The acronym PLC stands for “Programmable Logic Controller” and it describes a device used to control industrial processes. To do its job, a PLC runs softwares and processes digital and analog inputs collected by the sensors installed on an industrial plant.
What is a PLC?
The very first PLC controller for automation was created by Dick Morley in 1968 and today these devices are smaller, more powerful and are used not only in factories, but in our houses as well, to control different systems used in a domestic environment (e.g.: heating, alarms, water plant etc.).
PLCs are perfect for industrial applications, not just because they can process quite an amount of inputs and commands, but also thanks to their sturdiness that allows them to resist in environments that would compromise many electrical devices. PLCs can resist electric interferences, high humidity and temperatures, dust, vibrations and any other hazard that might threaten the integrity of a similar device. If you think about it, those attributes are also the key for some PLCs to be able to work 24/7.
How is it made?
A PLC consists of:
A power supply;
Input and output digital boards;
Input and output analog boards ─ if needed.
Should a PLC be installed in a 4.0 system, in which it’s necessary to be able to operate online, it can be equipped with communication boards, compatible with the net protocol, just like the other PLCs installed. On the other hand, when it comes to a robotic system, axis control boards can be featured in the PLC, in order to control movements and locations of the robot axis. The market also offers different controllers and electronic equipments for a PLC, that make this multipurpose device suitable for almost any application.
Long story short: with the right modifications and the adequate processing power, a PLC can work in any system.
How does it work?
A PLC works on a scan cycle, executing its program repeatedly. A basic cycle consists of tree steps:
The first thing a PLC does, when it’s started, is to scan all the inputs, both analog and digital, and memorise their status in a memory called “inputs record”. After that, the CPU processes the commanding instructions and registers the results in the “outputs record”; such content is then transcripted on the physical exits of the PLC, that are this way activated.

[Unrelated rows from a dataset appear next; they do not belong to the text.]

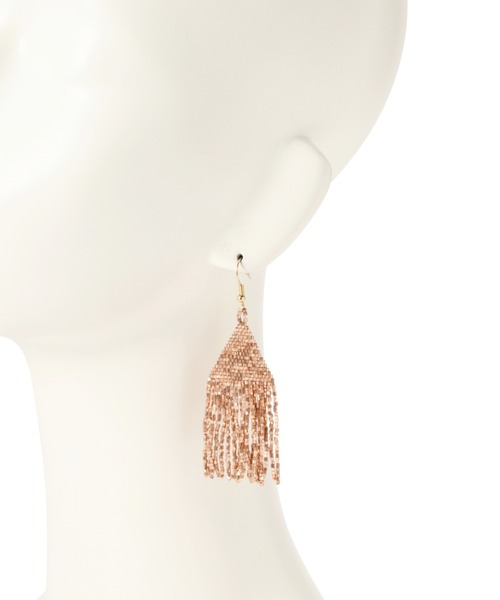 ROSE BUD(ローズバッド)の「(Ink+Alloy)ビーズフリンジピアス(ピアス(両耳用)・レディース・ピンク/ブルー/ゴールド・FREE)」の8枚目の写真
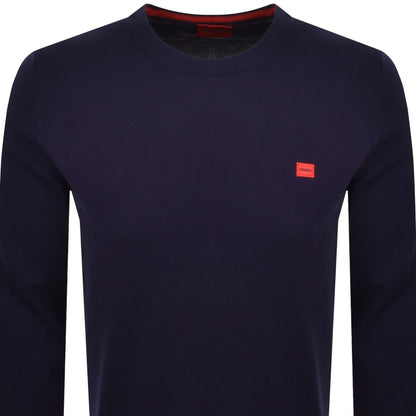 HUGO San Cassius Knit Jumper Navy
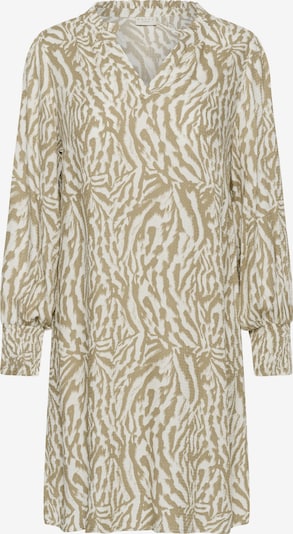 Palaidinės tipo suknelė 'KCMahlena' iš KAFFE CURVE, spalva – nebalintos drobės spalva / balta, Prekių apžvalga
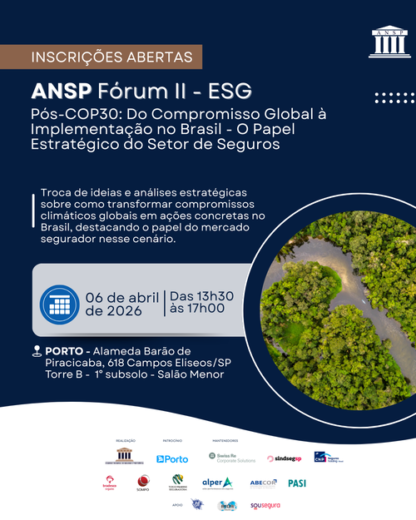 Inscrições abertas para o ANSP Fórum II – ESG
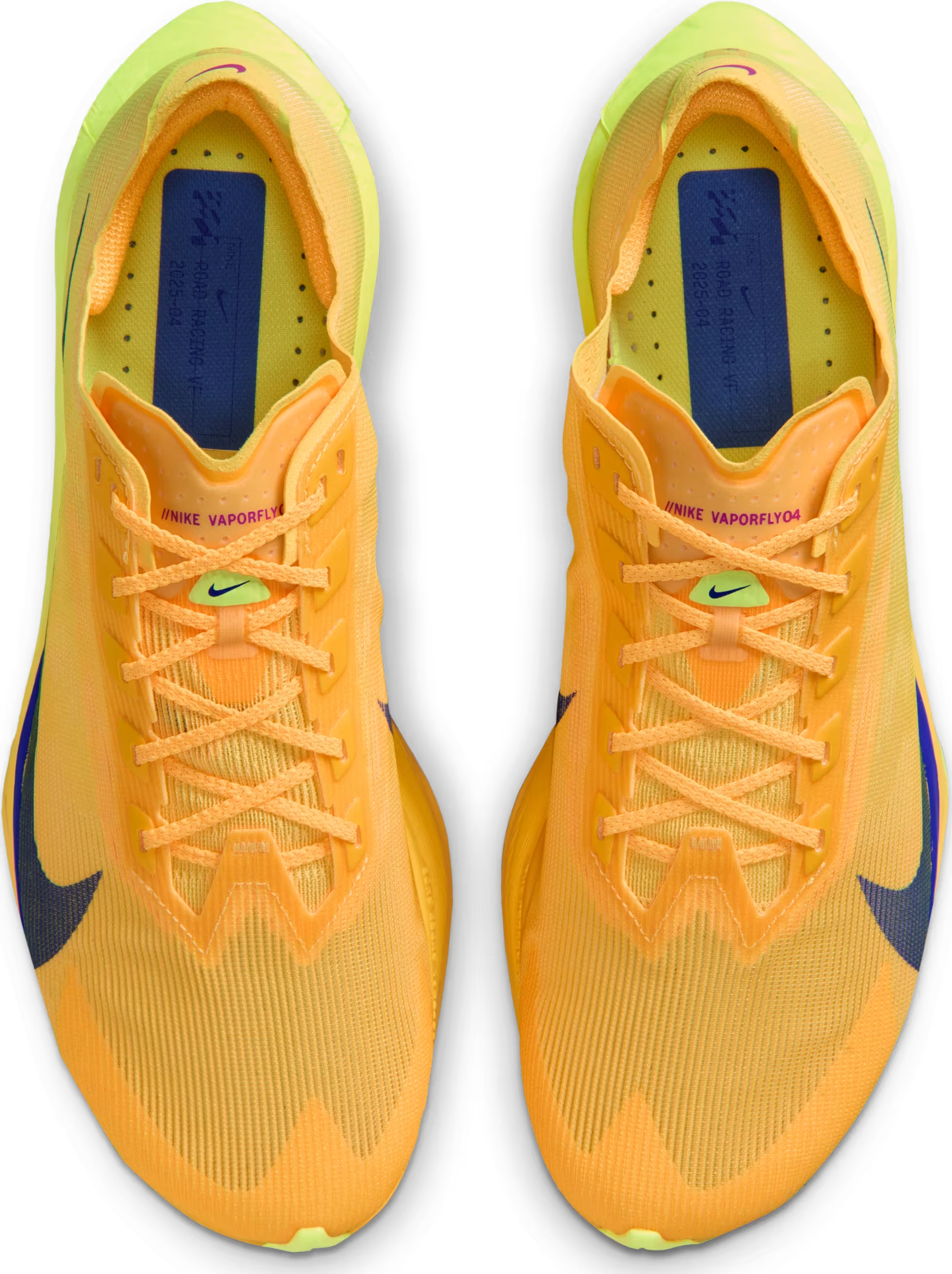 Nike ZoomX Vaporfly Next% 4 Citron Pulse Indigo Burst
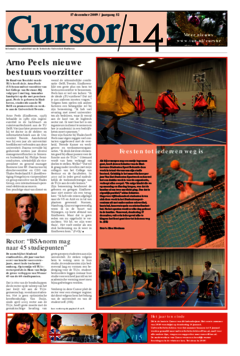 Voorzijde van magazine: Cursor 14 - 17 december 2009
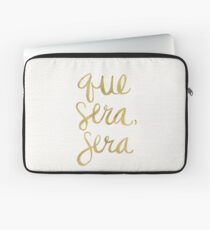 Funda para portátil Lo que sea, Will Be (Gold Ink)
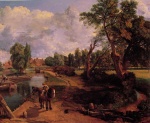 John Constable  - Peintures - Moulin de Flatford 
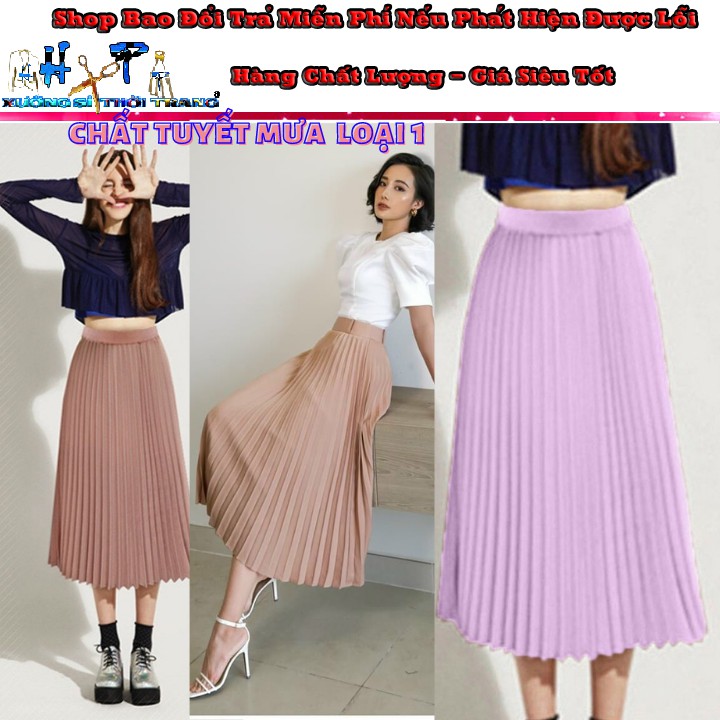 Chân Váy Xếp Ly Dài dáng dài mẫu mới thời trang 2020 | BigBuy360 - bigbuy360.vn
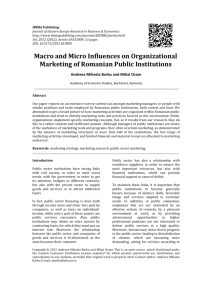 Macro and Micro Influences on Organizational Marketing of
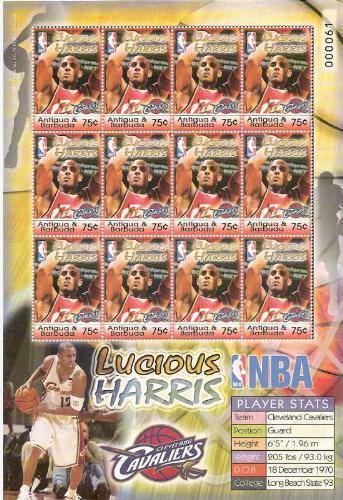 Antigua & Barbuda 2005 Lucious Harris NBA Player Basketball People Stamps MNH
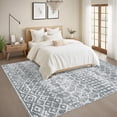 thumbnail image 3 of Garvee 9'x12' Modern Tribal Geometrial Area Rug Washable Rug, Non Slip Low Pile Rugs Stain Resistant Indoor Printed Carpet for Living Room Bedroom Home Office, Gray, 3 of 7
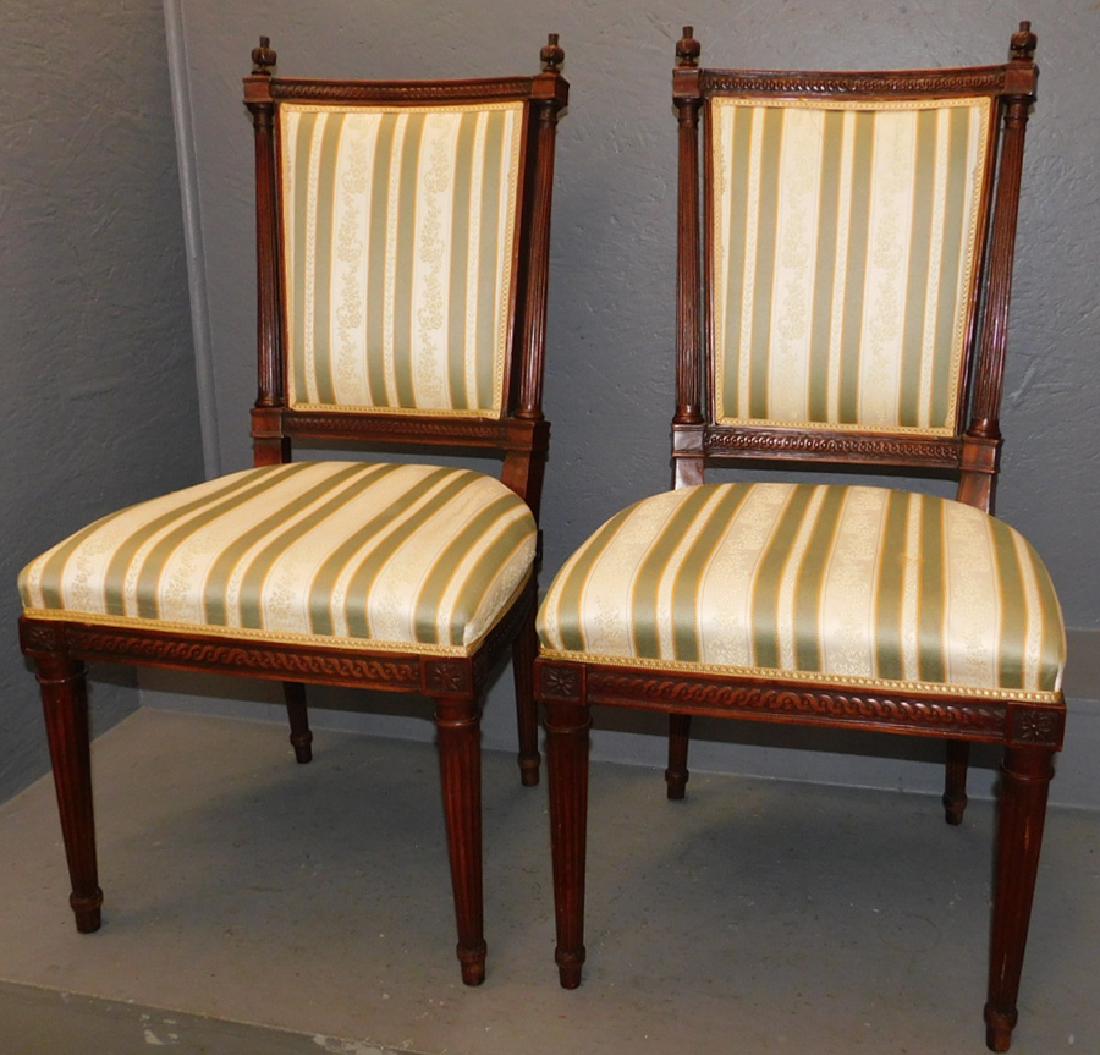 Pr. French Louis XV side chairs (1 of 3)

This whole process takes approximately between 10 to 100 milliseconds for every cycle the PLC has to process.
PLC programming is made on a computer, creating programs that eventually are loaded on the PLC’s CPU.
The most used programming languages, today, are standardised in three graphic languages and two textual languages, following the ICE EN 61131-3 directive.
The five PLC programming languages are:
Ladder Diagram (LD); graphic
Sequential Functional Chart (SFC); graphic
Function Block Diagram (FBD); graphic
Structured Text (ST); textual
Instruction List (IL). textual
Among the five languages, Ladder Diagram was the most used until not long ago and it was designed to resemble an electric diagram, so that electricians and other technicians could program a PLC with even little experience with programming.
PLCs and other systems
PLCs are very well suited for sectors that feature production lines for mass production and that are subjected to different modifications during their lifespan.
In particular, if we talk about a mass production process, a customised PLC is the ideal choice, but “pre-made” PLCs can be an option too: they’re cheaper and more on the standard side than a customised one ─ in fact, if there are only simple functions to control and manage (open/close doors, move a conveyor, etc.), pre-programmed PLCs are actually the best choice.
For processes that need a lot of processing power, e.g.: chemical plants or flight controls, even a high performance PLC would be inadequate. In these cases, to process all the complicated algorithms in a short period of time, it’s better to go for a single-board Computer, in which a “softPLC” is installed ─ a software that emulates the functions of a PLC, inside an industrial PC and can interface with the installed I/O modules.